Recuerdo a mi ángel de la vida, el doctor Mario Arcos, que muchas veces venía a buscarme para los raspajes y me llevaba aúpa a la sala de operaciones.
En el pasillo siempre me preguntaba «¿qué vas a hacer de grande?» y yo le respondía «atleta olímpica».
Él movía el dedo índice hacia los lados y decía: «Los atletas olímpicos no lloran, y si no lloras tienes un día para andar a caballo». Nunca sucedía, pero alimentaba la fantasía de esa niña.

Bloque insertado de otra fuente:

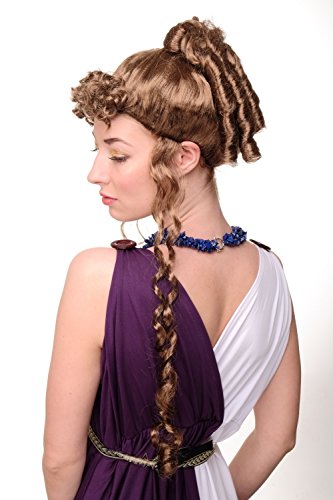 wig-me-up-wig022-p8-damenper-cke-renaissance-griechin-hellbraun image 6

En el hospital miraba siempre competencias de equitación, me encantaba. Y mi abuelo, que vivía en el campo al lado del nuestro, era un fanático de los caballos.
Un día me iban a operar y yo dije que si no me traían el petiso blanco del campo al quirófano, no me operaba. Como no lo traían, hice fiebre y no me pudieron operar.
Dolores crónicos
Mis secuelas más grandes son todo lo que ocurrió después: el sufrimiento de vivir en una sala de aislamiento sola entre el dolor y la muerte. Fue mucho más difícil todo el proceso posterior que cinco dedos carbonizados. ¡Estás vivo! ¡Qué te van a importar cinco dedos menos!
Tengo dolores crónicos en la mano izquierda, que en general son moderados.
Pero si me hacen enojar, si me pasa algo emocionalmente fuerte o si hay mucho ruido y me agobio, pierdo el control de mi dolor y empiezo a tener espasmos.
Los espasmos hacen que me desconcentre y me ponga agresiva. El muñón quema, arde. Siento que me estoy quemando nuevamente.
Las células de los quemados recuerdan el día que se quemaron y entonces tienes la sensación por dentro de que te estás quemando. El muñón llega a estar helado por fuera, pero por dentro es un fuego. Se hincha y quema. Quema. Meterme abajo una ducha helada es la forma de que se me pase.
El cuerpo de quienes nos quemamos tiende a encogerse, por lo que te tienen que operar muchísimas veces.
Me hicieron 17 cirugías hasta los 19 años.
Ahí decidí no operarme más porque en la última cirugía estuve en coma inducido durante tres días.
Me di cuenta de que estaba en coma y me asusté. Cuando me empezaron a entubar pensé: «Esto no va más, y cuando me despierte me voy a ir a cumplir mi sueño».
Hoy mi sueño es ganar una medalla en París 2024.»